# Notebook 0: Data Prepare

This notebook will create an example graph data to be used in the other notebooks to demonstrate how to program using GraphStorm APIs.
The example graph data comes from [DGL's ACM publication dataset](https://data.dgl.ai/dataset/ACM.mat), which is the same as the data explainedin the [Use Your Own Data tutorial](https://graphstorm.readthedocs.io/en/latest/tutorials/own-data.html).

-----

## Prerequisites
This notebook assumes the following:
- Python 3;
- Linux OS, Ubuntu or Amazon Linux;
- GraphStorm and its dependencies (following the [Setup GraphStorm with pip packages tutorial](https://graphstorm.readthedocs.io/en/latest/install/env-setup.html#setup-graphstorm-with-pip-packages))
- [Jupyter web interactive server](https://jupyter.org/).

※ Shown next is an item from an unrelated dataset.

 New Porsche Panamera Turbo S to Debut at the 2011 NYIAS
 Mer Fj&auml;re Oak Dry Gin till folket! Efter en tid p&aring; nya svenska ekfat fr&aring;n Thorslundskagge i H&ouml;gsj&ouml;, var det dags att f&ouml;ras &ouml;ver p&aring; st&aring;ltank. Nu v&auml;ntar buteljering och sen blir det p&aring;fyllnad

Users can use the following command to check if the above prerequisites are met.

In [1]:
import graphstorm as gs

## Download Data Generation Script
GraphStorm provides a Python script that can download and convert the DGL ACM publication data for GraphStorm usage. Therefore, first let's download the script file from the [GraphStorm Github repository](https://github.com/awslabs/graphstorm).

In [2]:
!wget -O ./acm_data.py https://github.com/awslabs/graphstorm/raw/main/examples/acm_data.py

## Generate ACM Raw Table Data
Then we can use the command below to build the raw table data, which is the standard input data for GraphStorm's gconstruct module.

In [None]:
!python ./acm_data.py --output-path ./acm_raw --output-type raw_w_text

## Construct GraphStorm Input Graph Data
With the raw ACM tables we then can use GraphStorm's graph construction method to prepare the ACM graph for other notebooks. The graph construction module perform:
- read in the raw data, and convert it to DGL graph;
- split the DGL graph into multiple partitions as the distributed DGL graphs;
- produce node id mapping files and other supporting files.

For the GraphStorm Standalone mode, we only need one partition. Therefore, in the command below we set the `--num-parts` to be `1`. For other arguments, users can refer to [GraphStorm Graph Construction arguments](https://graphstorm.readthedocs.io/en/latest/configuration/configuration-gconstruction.html).

In [4]:
!python -m graphstorm.gconstruct.construct_graph \
          --conf-file ./acm_raw/config.json \
          --output-dir ./acm_gs_1p \
          --num-parts 1 \
          --graph-name acm

#### 3-Partition Input Data
To better illustrate GraphStorm required input data structure, we can use the following command to create a 3-partition input data.

In [5]:
!python -m graphstorm.gconstruct.construct_graph \
          --conf-file ./acm_raw/config.json \
          --output-dir ./acm_gs_3p \
          --num-parts 3 \
          --graph-name acm

## Data Exploration and Explanation
The above commands created two sets of ACM data, i.e., the raw ACM data tables, and ACM GraphStorm input graphs. Below we explore these datasets, and explain their format so that users can prepare their own graph data easily.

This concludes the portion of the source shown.